Accordingly, the systems and methods described herein are generally applicable to any kind of process data describing, explicitly or implicitly, an ordered set of process objects described by identifiers (e.g., of materials, machines, etc.) and one or more observations (including, e.g., timing and measurements). That is, a data-source connector module 112 can convert such process data into an intermediate format in which the data pertaining to any particular process-object instance is aggregated into a corresponding data structure. FIG. 3 conceptually illustrates the components of a data structure 300 representing an individual process-object instance in the intermediate format. The data structure 300 includes a unique identifier 302 for the process-object instance, one or more observations 304 made in connection with the process-object instance, a set of identifiers for all (one or more, or zero in the case of the first process object within a process) process-object instances 306 immediately preceding the instance at issue, and a set of identifiers for all (one or more, or zero in the case of the last process object within a process) process-object instances 308 immediately following the instance at issue. As will be readily appreciated by a person of ordinary skill in the art, the specification of preceding and following process-object instances facilitates reconstructing a process flow, or any portion thereof (e.g., defined by start and end times), by following the references to the neighboring process-object instances in either direction (e.g., forward using references to following instances, or backwards using references to preceding instances).

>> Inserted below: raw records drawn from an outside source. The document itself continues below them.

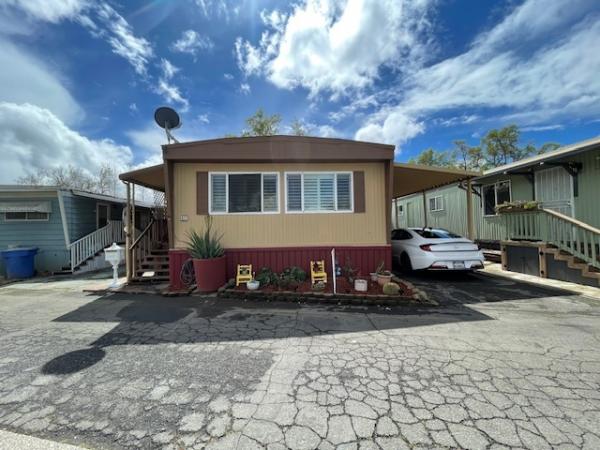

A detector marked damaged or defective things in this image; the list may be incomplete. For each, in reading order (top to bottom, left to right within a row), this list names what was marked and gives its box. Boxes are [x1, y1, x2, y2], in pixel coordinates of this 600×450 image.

cracked asphalt pavement [1, 270, 600, 450]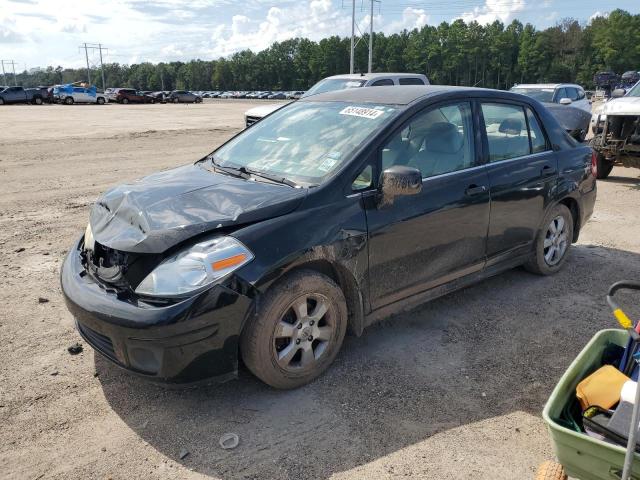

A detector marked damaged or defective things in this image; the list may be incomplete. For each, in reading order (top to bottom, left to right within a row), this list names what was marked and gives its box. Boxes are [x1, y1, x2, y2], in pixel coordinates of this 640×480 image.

crumpled hood [600, 95, 640, 115]
crumpled hood [90, 164, 308, 255]
broken headlight [134, 235, 252, 298]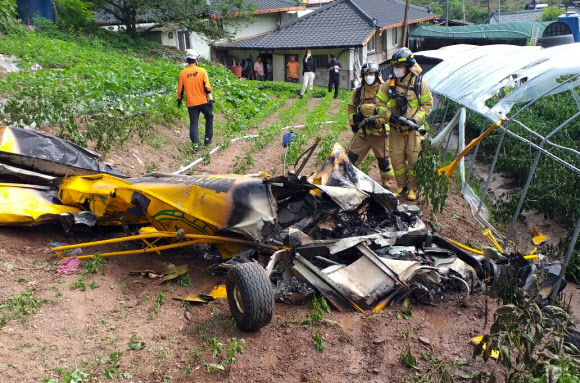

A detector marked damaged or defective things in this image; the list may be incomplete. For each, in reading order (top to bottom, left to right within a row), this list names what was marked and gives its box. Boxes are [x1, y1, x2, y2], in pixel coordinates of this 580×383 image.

broken wing panel [0, 183, 81, 225]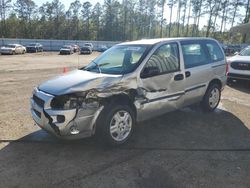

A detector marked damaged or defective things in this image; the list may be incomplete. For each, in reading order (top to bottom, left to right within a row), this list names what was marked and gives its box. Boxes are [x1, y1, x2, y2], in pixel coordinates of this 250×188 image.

damaged front end [31, 87, 103, 139]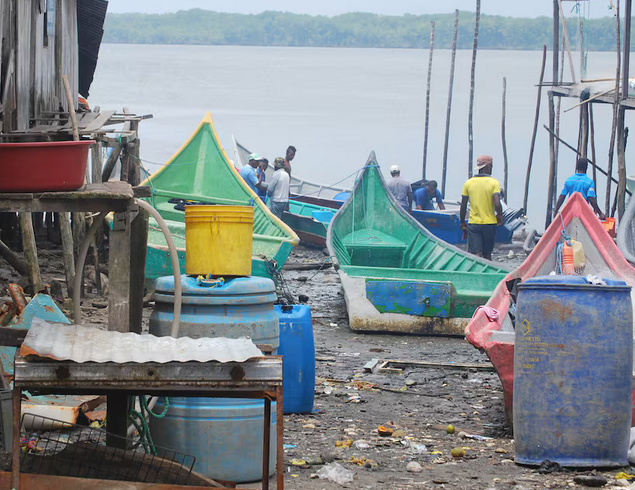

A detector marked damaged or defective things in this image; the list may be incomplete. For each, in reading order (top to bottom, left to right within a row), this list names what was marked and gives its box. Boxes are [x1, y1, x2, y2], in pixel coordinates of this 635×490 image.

rusty metal table [11, 356, 284, 490]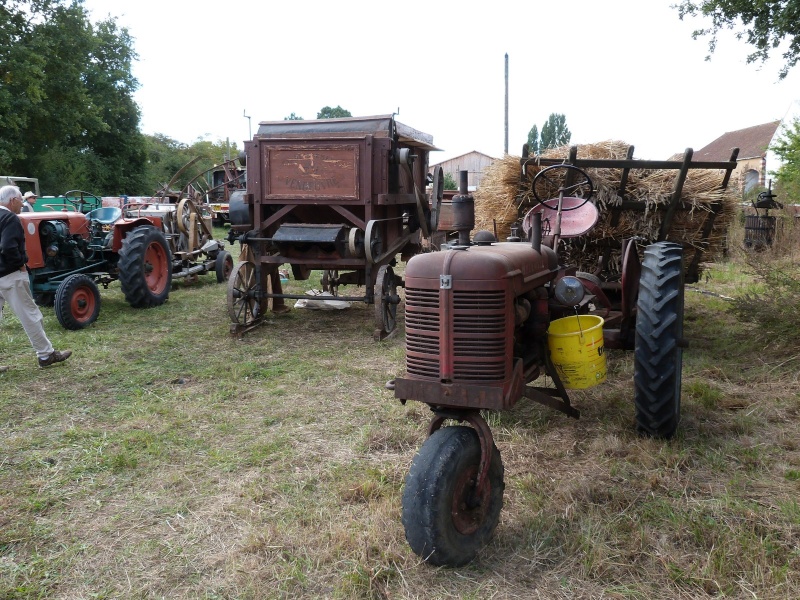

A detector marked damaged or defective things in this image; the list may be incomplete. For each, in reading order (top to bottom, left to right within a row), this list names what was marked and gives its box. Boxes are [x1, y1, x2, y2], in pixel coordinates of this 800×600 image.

rusty vintage tractor [222, 115, 440, 340]
rusty vintage tractor [392, 143, 736, 564]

In various embodiments, the process-object identifier 302 is created from the process data itself in a temporally consistent manner, such that re-computation of an identifier for a given process-object instance will always result in the same identifier. This allows converting and loading process data incrementally, e.g., processing different portions at different times, without having to re-process already converted or loaded process-object instances. Instead, data loaded at different times can simply be connected later based on the references for each process-object instance to its neighboring process-object instances. Moreover, a consistently generated, unique identifier is suitable to identify real-world entities in the semantic representation, and allows going back and re-processing data based on, e.g., a refined data dictionary or semantic model. Beneficially, loading process data incrementally avoids the need to wait for a full process run (which may, in many practical circumstances, days, weeks, or even months) to be completed before the data can be processed and analyzed. The data can, instead, be processed in suitable time slices (e.g., at the end of each day or of each manufacturing shift), and its analysis and any conclusions derived therefrom can be updated and refined as more data comes in.